How to remove yourself from PimEyes
- PimEyes is the largest consumer face-search engine. Upload a photo, get every other photo of that person online. As of 2026 their free opt-out is real but requires government-ID verification.
- Free opt-out removes currently-indexed photos. The paid PROtect plan adds continuous monitoring and auto-removal of new indexed photos.
- Typical removal turnaround: 3 to 14 days after ID verification. Re-listings happen as PimEyes re-crawls the web; manual rechecks recommended quarterly.
What PimEyes actually is
PimEyes is a Poland-based face-search engine launched in 2017. It crawls publicly accessible photos on the web, extracts face geometry, and lets anyone upload a query photo to find every other photo of that person in their index. The index is in the billions of photos. The search response is sub-second.
The marketing pitches it as "find your own photos" — useful, for example, for people who want to know what unauthorized photos of them exist online. The realistic use is the opposite: anyone with a single photo of you can find your other photos, which often reveal your workplace, friends, family, and neighborhood through context clues.
PimEyes has been the subject of GDPR complaints in the EU and BIPA-adjacent litigation in Illinois.
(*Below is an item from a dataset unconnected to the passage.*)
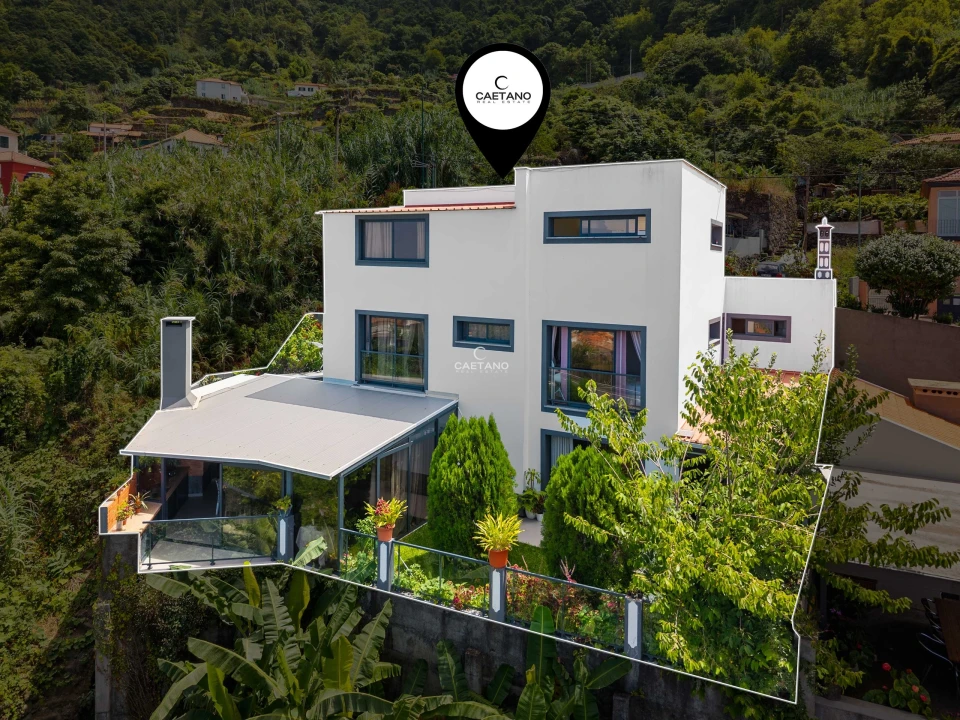 Moradia T4 para Venda em Ponta Delgada Foto 59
The free opt-out flow described below was introduced and refined under regulatory pressure.
The step-by-step free opt-out
- Find the opt-out form. PimEyes publishes the form at pimeyes.com/en/opt-out-form. It's the same flow whether you want a free or PROtect removal — the form asks which path you want.
- Provide your details. Full name, email, and date of birth.
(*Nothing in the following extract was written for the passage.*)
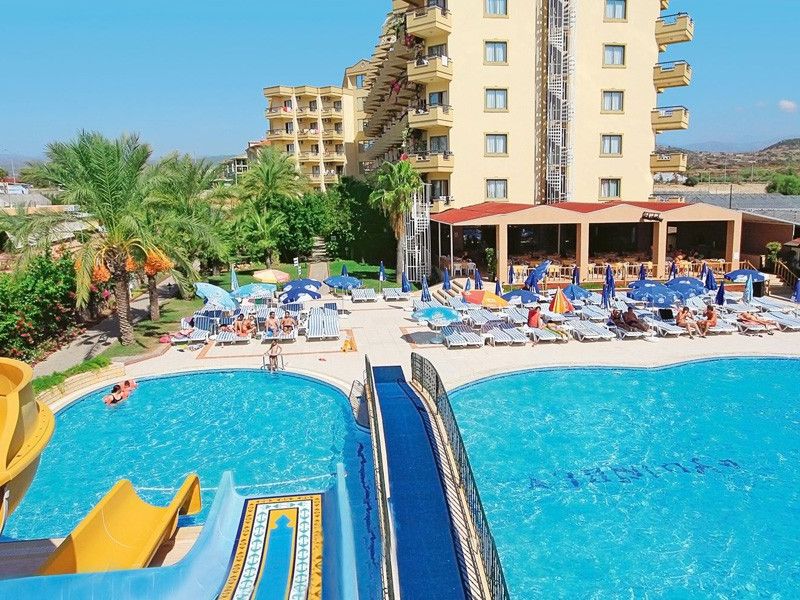 Relax 4*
- Upload a clear photo of your face. Used for matching. Should be clear, front-facing, well-lit. Avoid sunglasses, hats, heavy filters — PimEyes uses the photo to identify which face-records in their index belong to you.
- Upload a government ID. Passport, driver's license, or national ID. Required for verification. PimEyes states the ID is used solely for verification and deleted afterward; you're trusting that policy.
- Submit and wait. 3 to 14 day turnaround. PimEyes searches their index for matches to your reference photo, then suppresses those records.
- Verify. After receiving confirmation, search yourself on PimEyes using a different photo of yourself to confirm the suppression worked.
PimEyes is one of three face-search services that matter. The full sweep also handles FaceCheck.id and Clearview. Delist files them all.
Run my free exposure scan →Free opt-out vs. PROtect: the actual difference
The free opt-out is one-time. PimEyes suppresses the photos in their index at the time of your request. The technical scope of that suppression is limited:
- Photos newly added to the index after your opt-out are not retroactively suppressed.
- The same photo, hosted on a different URL, may be re-indexed as a "new" photo.
- Photos that were not in the index when you opted out (because the source wasn't yet crawled) can be added later.
The PROtect plan ($39.99/month as of 2026) addresses these limits by running continuous monitoring on the index and alerting you when new matches appear, plus auto-submitting suppression for the new matches.
Worth paying for if: you are actively being searched for (doxxing situation, recent media attention, controversial public role). Probably not worth it if you're a typical user opting out preventively.
What PimEyes opt-out doesn't cover
Several things the suppression doesn't reach:
- The actual photos at their source. PimEyes only suppresses the entry in their search index. Your photo on the original publisher's site (Instagram, news article, conference page) stays exactly where it is.
- Other face-search services. FaceCheck.id, Clearview AI, and any emerging competitor have their own indexes. PimEyes removal doesn't propagate.
- Photos with your face but no name attached. PimEyes indexes by face geometry, not by associated text. A blurry photo in a group shot that doesn't say your name is still searchable.
- Reverse-image-search engines. Google Lens, TinEye, Yandex Images use different techniques and aren't suppressed by PimEyes opt-out.
If your goal is full face-search privacy
PimEyes opt-out alone is partial coverage. The full sweep is:
- Free PimEyes opt-out (this page).
- FaceCheck.id removal request (via their privacy page).
- Clearview AI consumer privacy request (less reliably effective due to ongoing litigation).
- Remove photos from the source where possible (delete from social profiles, request takedown from website operators).
- For Illinois residents: assert BIPA rights explicitly — face-search services respond faster to IL-residency-stated requests.